The basics of the setup

  • 1000 files
  • single folder
  • Nextcloud v26
    • NC v26.0.1 Community Docker (nextcloud:26-apache)
    • Redis 7 (redis:7.0-bullseye)
    • MariaDB 10.6 (mariadb:10.6)
  • HTTP
  • No RP
  • Test case: upload all files into an empty folder on the destination

Couple upfront notes here:

  • The absolute numbers aren't the most important thing here since variances in environments will cause them to vary somewhat
  • The relative numbers are relevant as they suggest differences among implementations and - more importantly - opportunities for optimization
  • WebDAV Server implementations, configurations, and capabilities certainly matter a great deal and can impact performance dramatically, but nothing server-side can overcome clients that are not well optimized

Some observations so far:

  • Some clients get good performance while heavily saturating the backend while others get poor performance while doing so - still others seem to find a better mix overall
  • While performance matters on both ends - client and server - WebDAV is a protocol highly sensitive to client-side design choices no matter how reasonable the server is
  • Some use cases are easier to optimize for than others, either within the client implementation or by the user through client configuration (though it's not always obvious what should be adjusted without getting into the weeds a bit)

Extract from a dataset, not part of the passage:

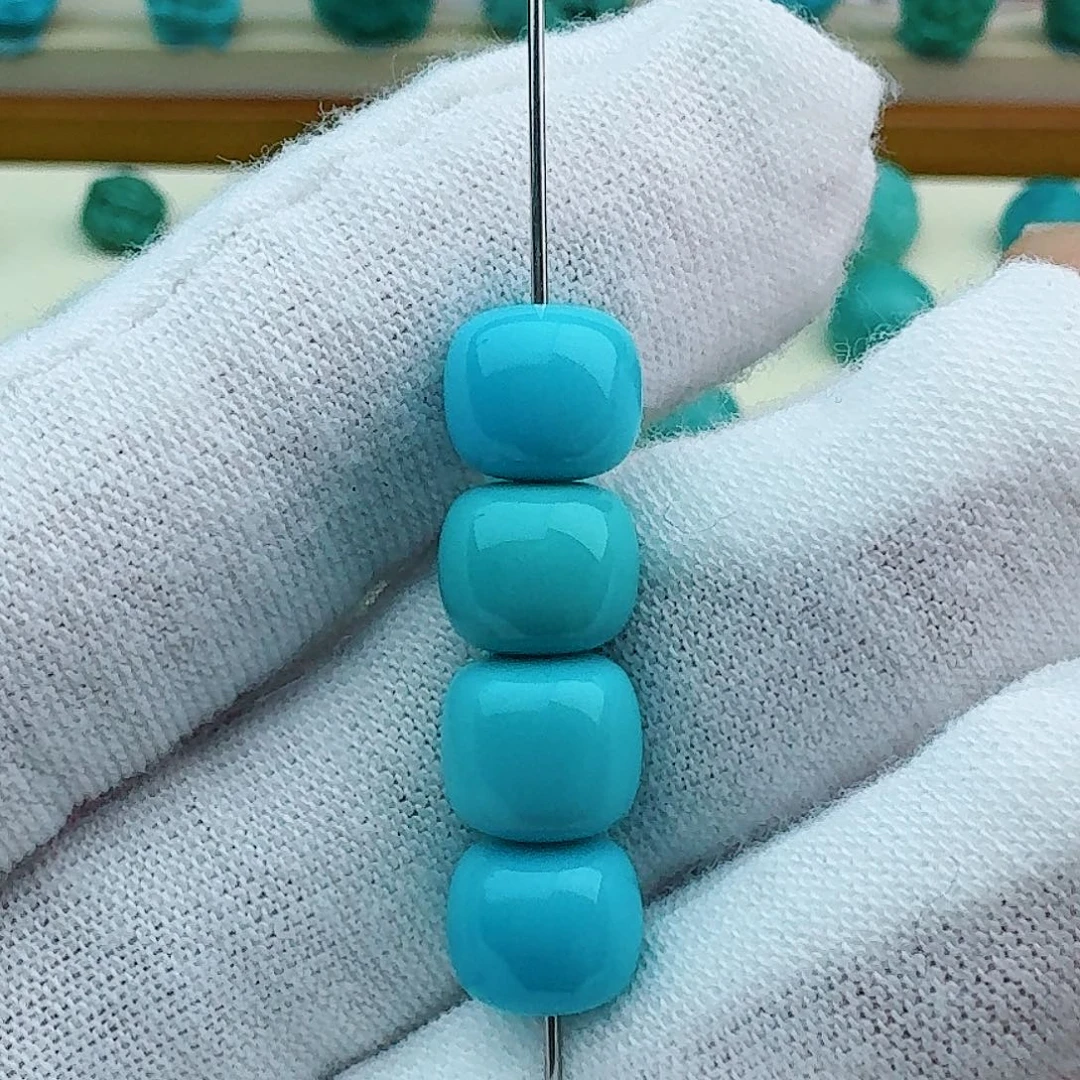 绿松石4颗老型未镶嵌央**知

Clients evaluated (so far):

  • cURL v7.81.0
  • rclone v1.53.3, v1.62.2, v1.63.0-beta-6867, v1.63-0-beta-6974
  • CyberDuck v8.5.9
  • Duck.sh v8.5.9 (Cyberduck's CLI)
  • Windows 10 Pro (v22H2 / 19045.2846)
  • WinSCP v5.21.7
  • davfs2 v1.61

Upcoming:

  • Mountain Duck
  • ??? <-- insert your favorite client/implementation here
  • Other server implementations
  • Nextcloud official Desktop client
  • Nextcloud official Android client
  • Nextcloud official iOS client

Test files

#!/bin/bash

for i in {0001..1000}
do
  echo "some some some some some some some some some some some text" > "file_${i}.txt"
done

Observations

General

  • The performance differences among client implementations (and, in some cases, client configuration parameters) are not minor and often well beyond order of magnitude.
  • Unless you are only transfering a file or two (or upload/write performance... and CPU/memory impact on the backend environment is irrelevant in your use case) doing some optimization in terms of client choice or configuration is probably worthwhile

Key differences among clients so far that seem to play a role in performance:

  • Frequency / choices regarding how/when to call MKCOL
  • Frequency of / choices regarding how/when to call PROPFIND
  • Depth decisions
  • Default use cases (and user awareness of trade-offs)
  • Authenticated session management (or lack thereof)
  • Parallel jobs
  • Third-party WebDAV libraries

Additional speculation:

  • XML processing efficiency

Notes arising from testing specific clients

Rclone

Used a copy, but also tried many variations of --transfers and --checkers etc with no serious variance in performance

  • Flags such as --use-server-modtime don't appear to do anything in the WebDAV backend
  • Using --no-check-dest doesn't cut down on MKCOL and PROPFIND calls before/after every upload
  • The parent directory is requested to be remade (via a MKCOL) prior to every individual file upload which seems excessive and unnecessary - and it's not a light call to make to the backend

Perhaps some flags would change behavior? Not sure.

cURL (parallel mode)

time curl -Z --parallel-max 8 -u USERNAME:PASSWORD -T "file_[0001-1000].txt" "http://nc-test.local:3680/remote.php/dav/files/USERNAME/curl_multi_test/"

duck.sh

I expected this to be comparable in performance to Cyberduck since they seem to use the same backend code, but that was not the case. Perhaps some flags would change behavior? Not sure.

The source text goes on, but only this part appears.